───── Input data ─────
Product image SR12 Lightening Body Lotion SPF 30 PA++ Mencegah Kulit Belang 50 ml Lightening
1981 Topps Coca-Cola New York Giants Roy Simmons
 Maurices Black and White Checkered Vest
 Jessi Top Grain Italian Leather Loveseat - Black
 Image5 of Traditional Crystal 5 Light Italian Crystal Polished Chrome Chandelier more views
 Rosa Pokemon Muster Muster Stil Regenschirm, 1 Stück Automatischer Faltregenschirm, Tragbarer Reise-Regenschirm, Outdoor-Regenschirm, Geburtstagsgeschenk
─────
What you have to do »
All of the data above needs to be retyped exactly, with each line as it stands.

Exercise output »
Product image SR12 Lightening Body Lotion SPF 30 PA++ Mencegah Kulit Belang 50 ml Lightening
1981 Topps Coca-Cola New York Giants Roy Simmons
 Maurices Black and White Checkered Vest
 Jessi Top Grain Italian Leather Loveseat - Black
 Image5 of Traditional Crystal 5 Light Italian Crystal Polished Chrome Chandelier more views
 Rosa Pokemon Muster Muster Stil Regenschirm, 1 Stück Automatischer Faltregenschirm, Tragbarer Reise-Regenschirm, Outdoor-Regenschirm, Geburtstagsgeschenk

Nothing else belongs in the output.